● ABOUT THIS TASK
Exact reproduction is required for the lines below starting at the line with "Лінзи контактні діагностичні" and ending at the line with "少年宫A2出口 map", both included. No other lines, and no pictures.

** Opening DATA EXTRACT block **

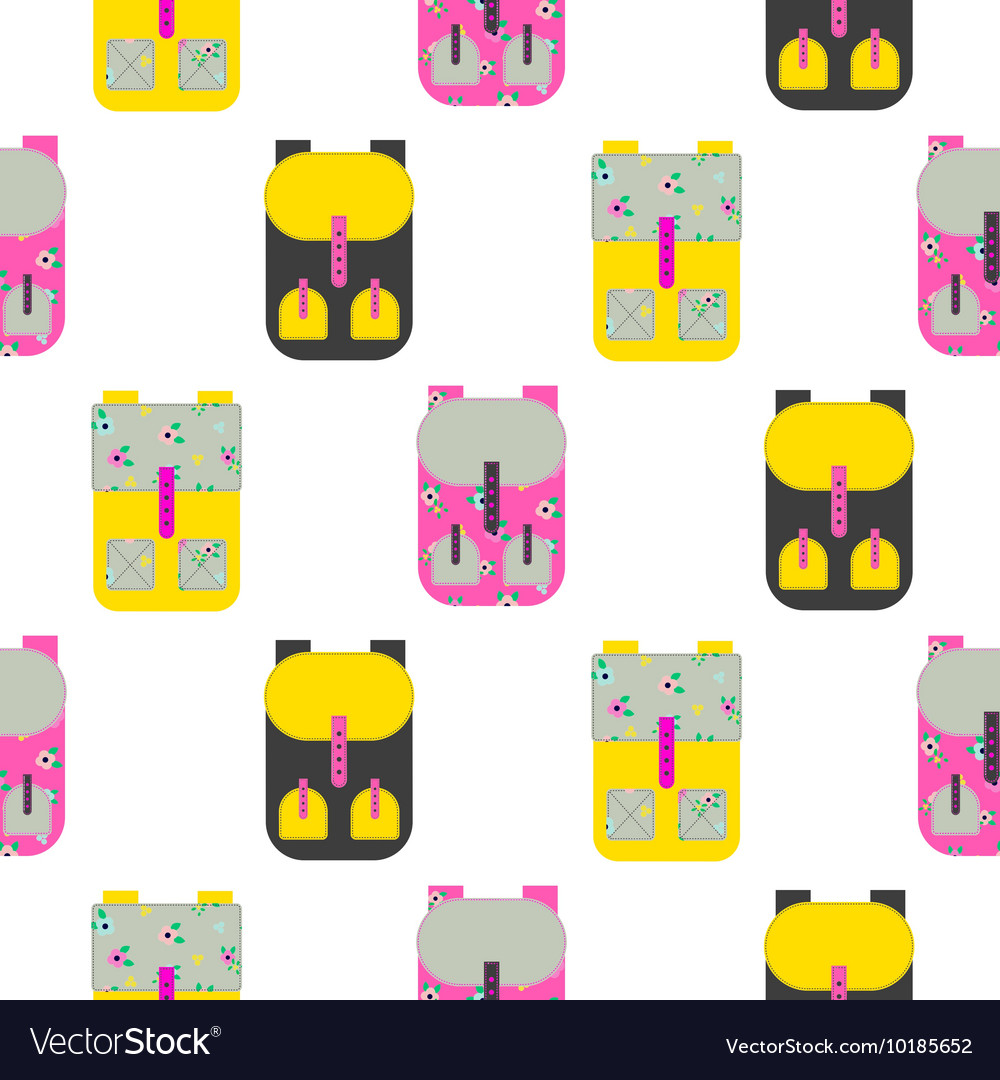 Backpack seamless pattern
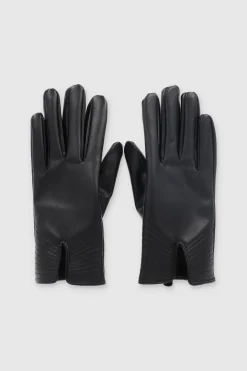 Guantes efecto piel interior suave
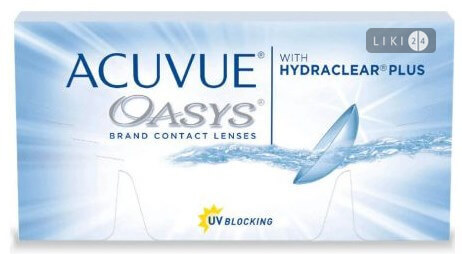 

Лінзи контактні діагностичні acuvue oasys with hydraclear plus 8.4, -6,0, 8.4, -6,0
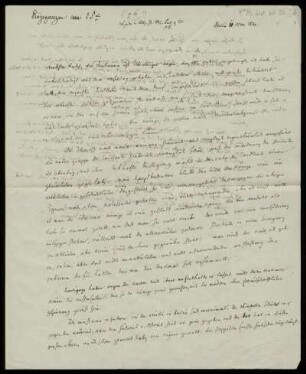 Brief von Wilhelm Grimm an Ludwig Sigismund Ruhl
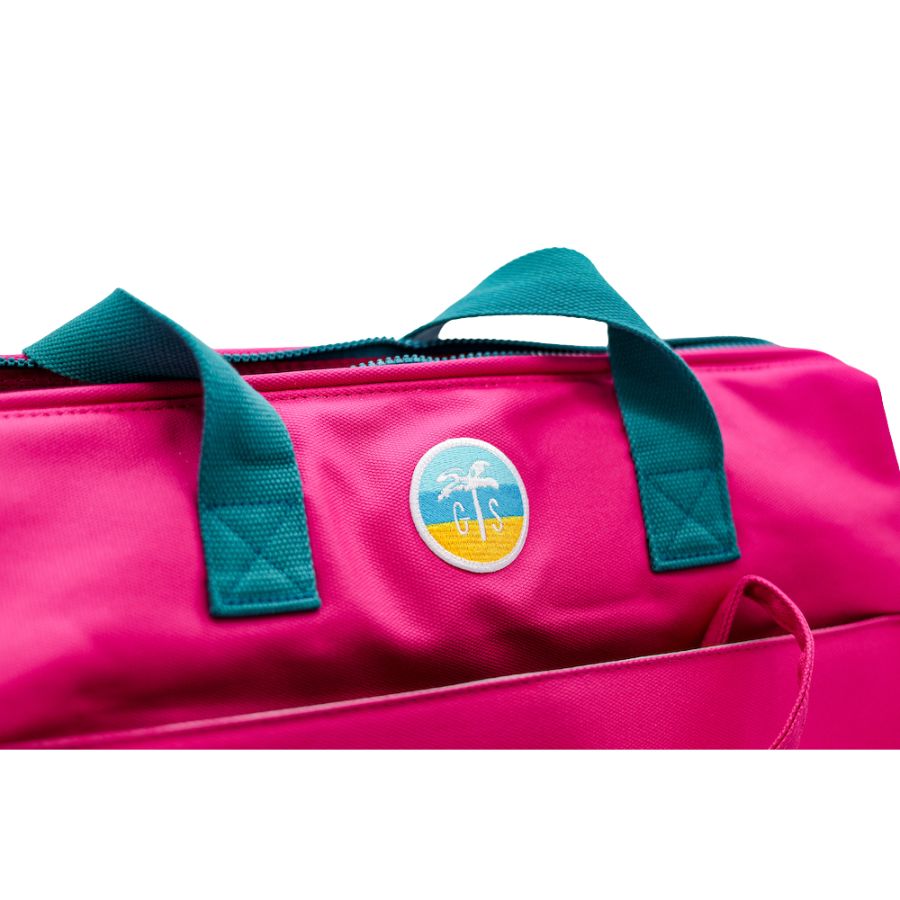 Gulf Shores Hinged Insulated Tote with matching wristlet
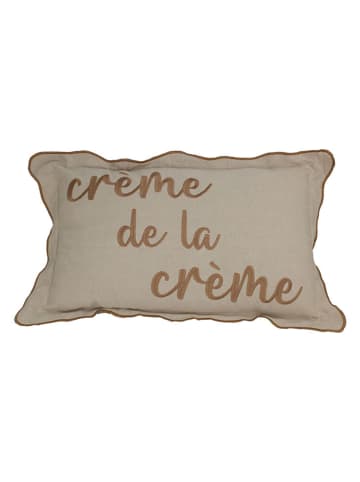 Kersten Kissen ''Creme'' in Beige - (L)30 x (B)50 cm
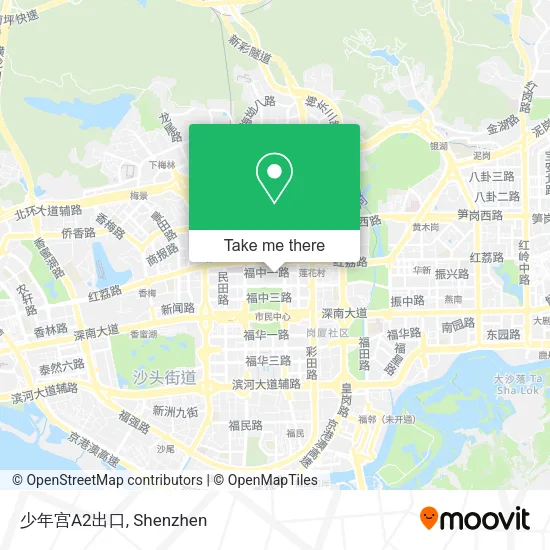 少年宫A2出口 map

** Closing DATA EXTRACT block **
** Opening DATA EXTRACT block **

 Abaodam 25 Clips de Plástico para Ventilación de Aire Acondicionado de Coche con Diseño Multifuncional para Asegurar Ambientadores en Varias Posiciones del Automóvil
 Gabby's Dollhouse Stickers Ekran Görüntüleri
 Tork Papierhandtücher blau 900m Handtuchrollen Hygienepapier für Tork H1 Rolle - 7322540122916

** Closing DATA EXTRACT block **

● WRITTEN SOLUTION
Лінзи контактні діагностичні acuvue oasys with hydraclear plus 8.4, -6,0, 8.4, -6,0
 Brief von Wilhelm Grimm an Ludwig Sigismund Ruhl
 Gulf Shores Hinged Insulated Tote with matching wristlet
 Kersten Kissen ''Creme'' in Beige - (L)30 x (B)50 cm
 少年宫A2出口 map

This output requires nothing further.